[Image-caption web data]

═══

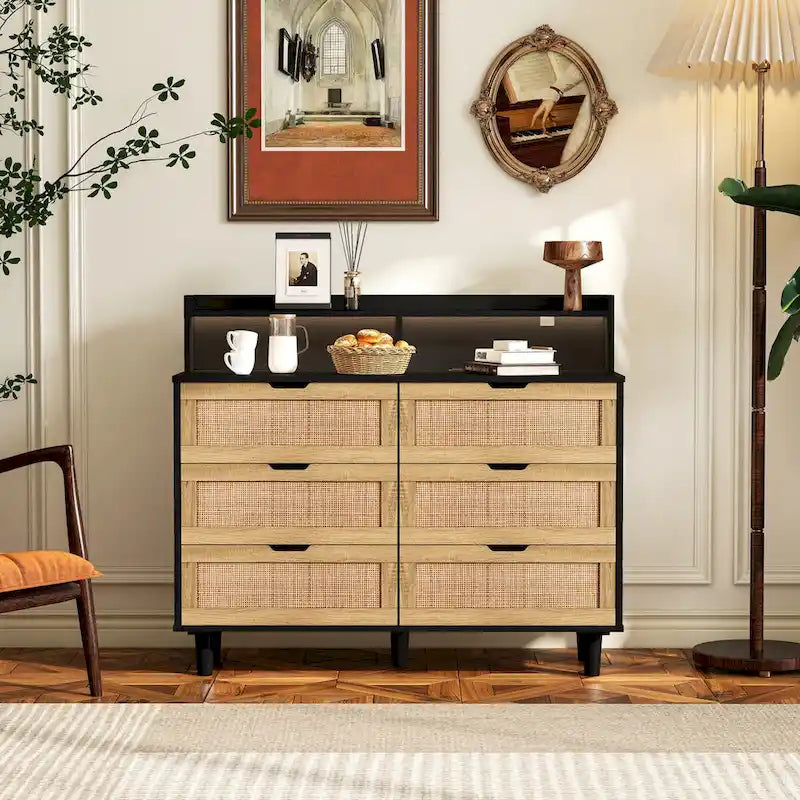 43.31L 6-Drawers Rattan Storage Cabinet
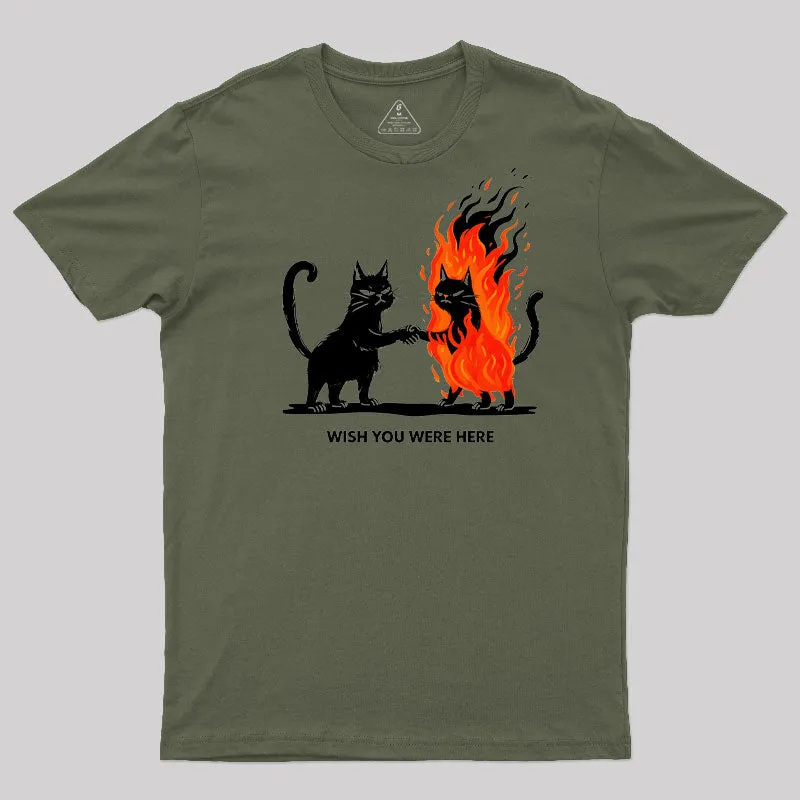 Wish You Were Here : Cat Geek T-Shirt - Image 5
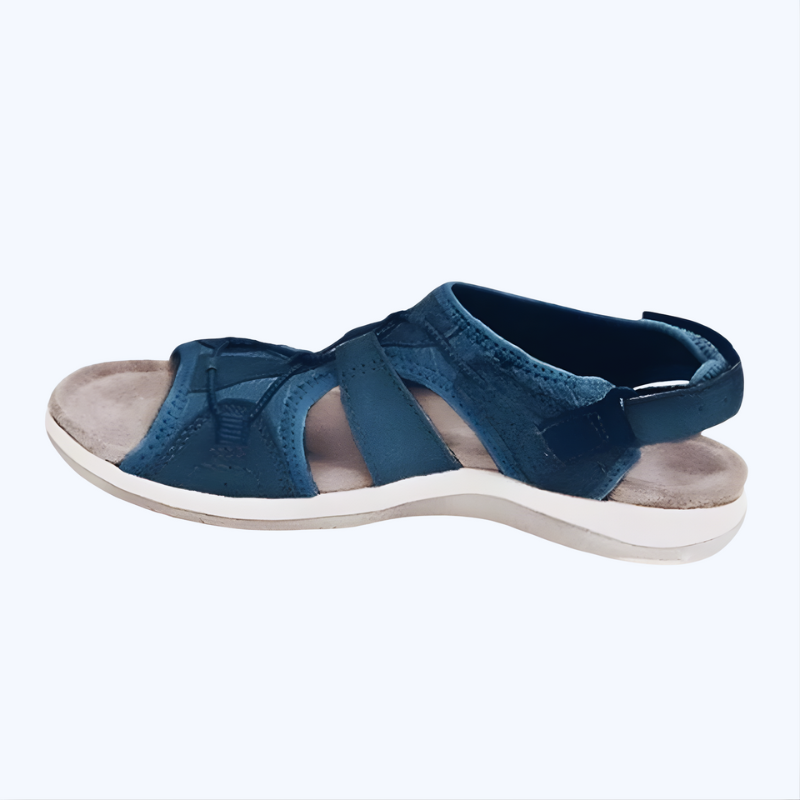 Women's sandals with cut-out detailing, multiple straps and a slingback strap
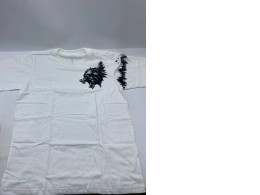 White short-sleeved round neck T-shirt with black pattern White short-sleeved round neck T-shirt with black pattern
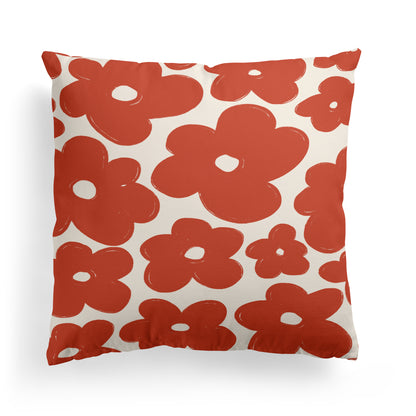 Red Flowers Retro 50s 60s Throw Pillow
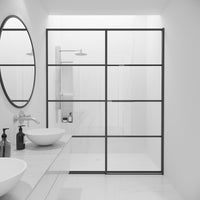 Matte black framed shower door with clear tempered glass and bar handle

═══

→ Required action:
You are asked to reproduce each line above exactly, but to exclude the pictures.

→ Result for this task:
 43.31L 6-Drawers Rattan Storage Cabinet
 Wish You Were Here : Cat Geek T-Shirt - Image 5
 Women's sandals with cut-out detailing, multiple straps and a slingback strap
 White short-sleeved round neck T-shirt with black pattern White short-sleeved round neck T-shirt with black pattern
 Red Flowers Retro 50s 60s Throw Pillow
 Matte black framed shower door with clear tempered glass and bar handle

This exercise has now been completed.